__Exercise__.
Restate, word for word and with no pictures, the stretch of lines in the data below that begins at the line with "You have to" and ends at the line with "Today we're going", inclusive.

__Provided records__.
--------------------------------

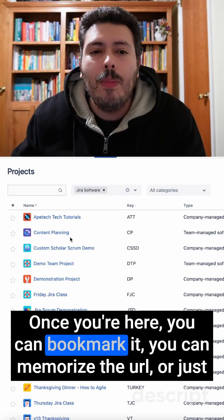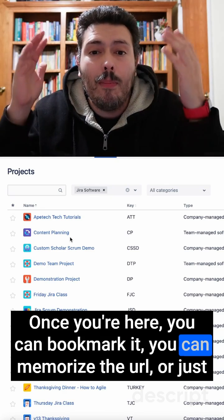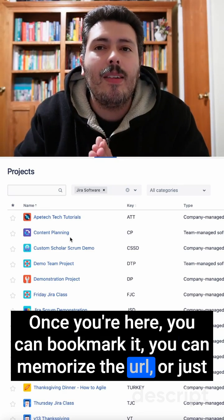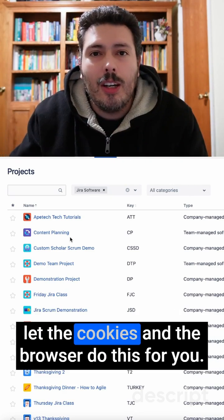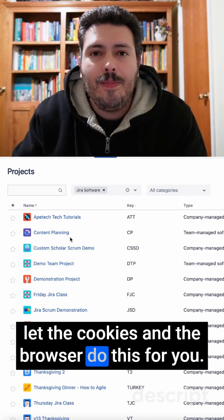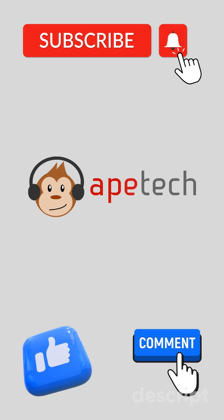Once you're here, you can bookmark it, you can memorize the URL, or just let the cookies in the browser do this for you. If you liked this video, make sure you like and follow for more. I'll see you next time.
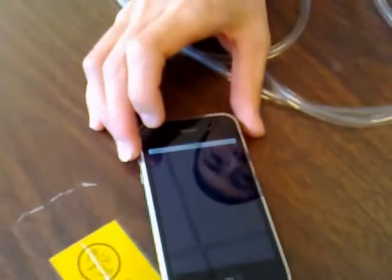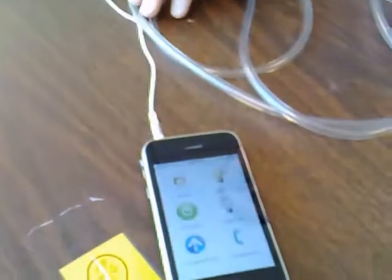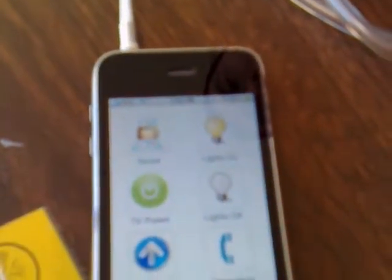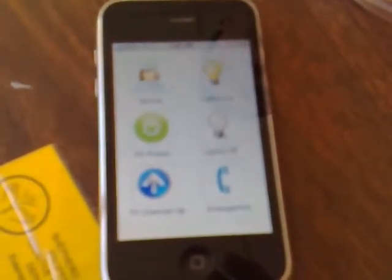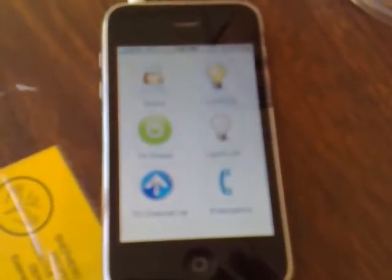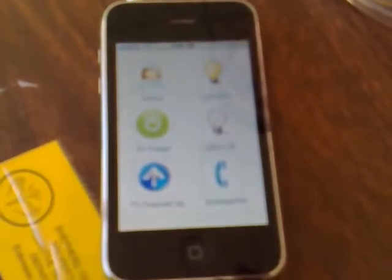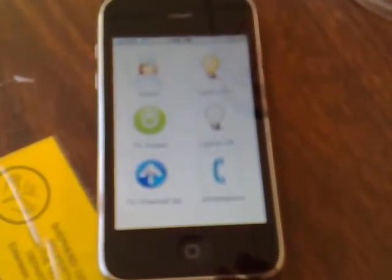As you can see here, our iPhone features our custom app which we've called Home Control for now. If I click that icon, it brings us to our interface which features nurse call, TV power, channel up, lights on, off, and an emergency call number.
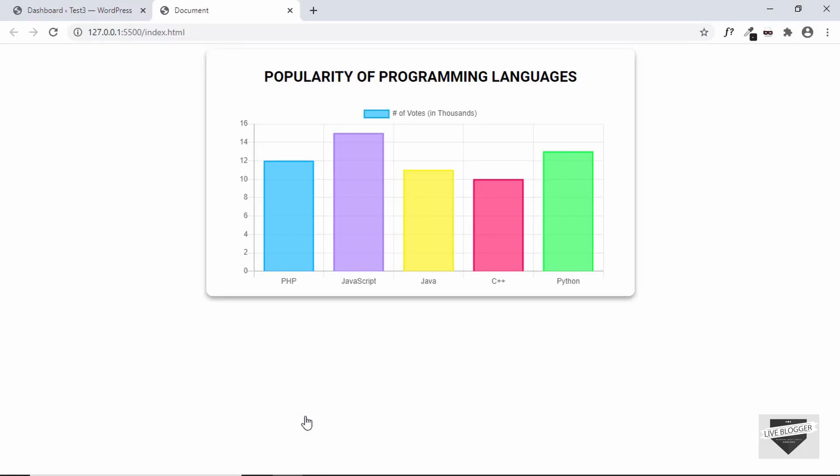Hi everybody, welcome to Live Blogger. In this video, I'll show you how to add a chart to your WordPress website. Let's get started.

--------------------------------

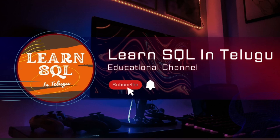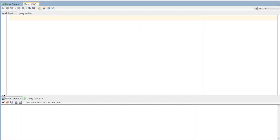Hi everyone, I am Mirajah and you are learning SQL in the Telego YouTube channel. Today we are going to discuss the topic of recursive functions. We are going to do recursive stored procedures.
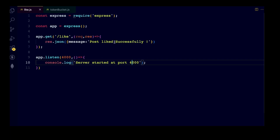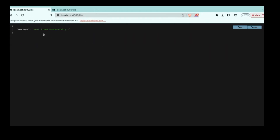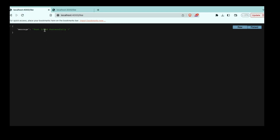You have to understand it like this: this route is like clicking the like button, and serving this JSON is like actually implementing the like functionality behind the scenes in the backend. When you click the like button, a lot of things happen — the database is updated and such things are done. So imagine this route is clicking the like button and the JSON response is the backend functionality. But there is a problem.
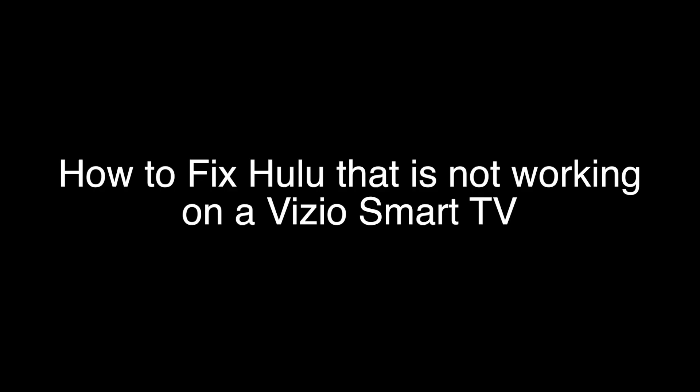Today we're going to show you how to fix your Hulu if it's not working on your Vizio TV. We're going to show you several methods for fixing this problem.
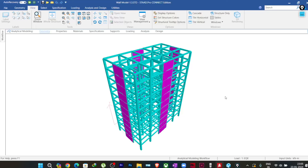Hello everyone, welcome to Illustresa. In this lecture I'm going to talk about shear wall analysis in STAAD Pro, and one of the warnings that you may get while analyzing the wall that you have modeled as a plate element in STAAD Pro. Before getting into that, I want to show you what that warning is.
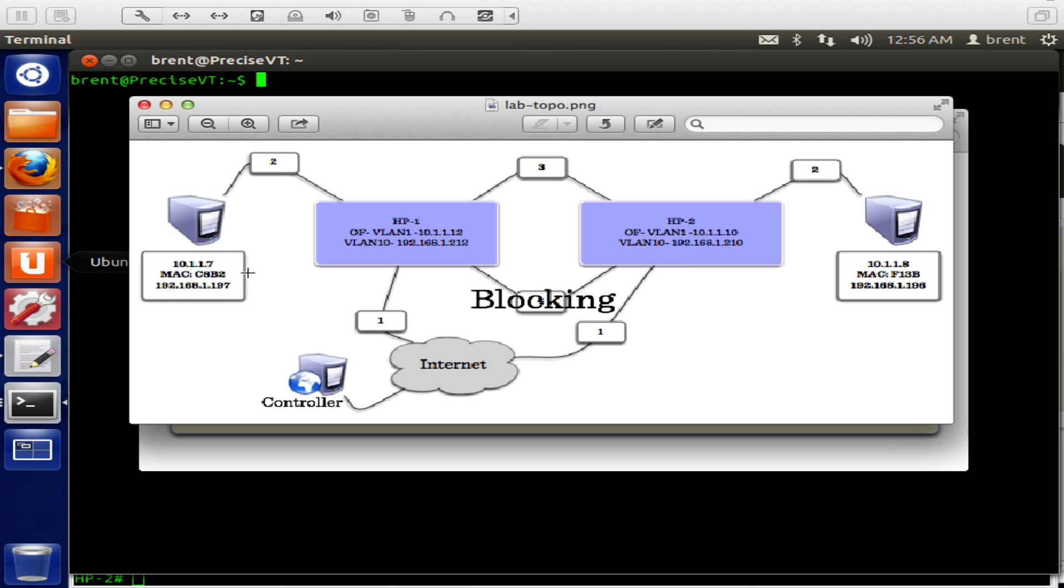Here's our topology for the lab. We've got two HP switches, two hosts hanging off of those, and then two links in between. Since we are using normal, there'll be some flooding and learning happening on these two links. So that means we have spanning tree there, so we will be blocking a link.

--------------------------------

__Solution to this exercise__.
You have to understand it like this: this route is like clicking the like button, and serving this JSON is like actually implementing the like functionality behind the scenes in the backend. When you click the like button, a lot of things happen — the database is updated and such things are done. So imagine this route is clicking the like button and the JSON response is the backend functionality. But there is a problem.
Today we're going to show you how to fix your Hulu if it's not working on your Vizio TV. We're going to show you several methods for fixing this problem.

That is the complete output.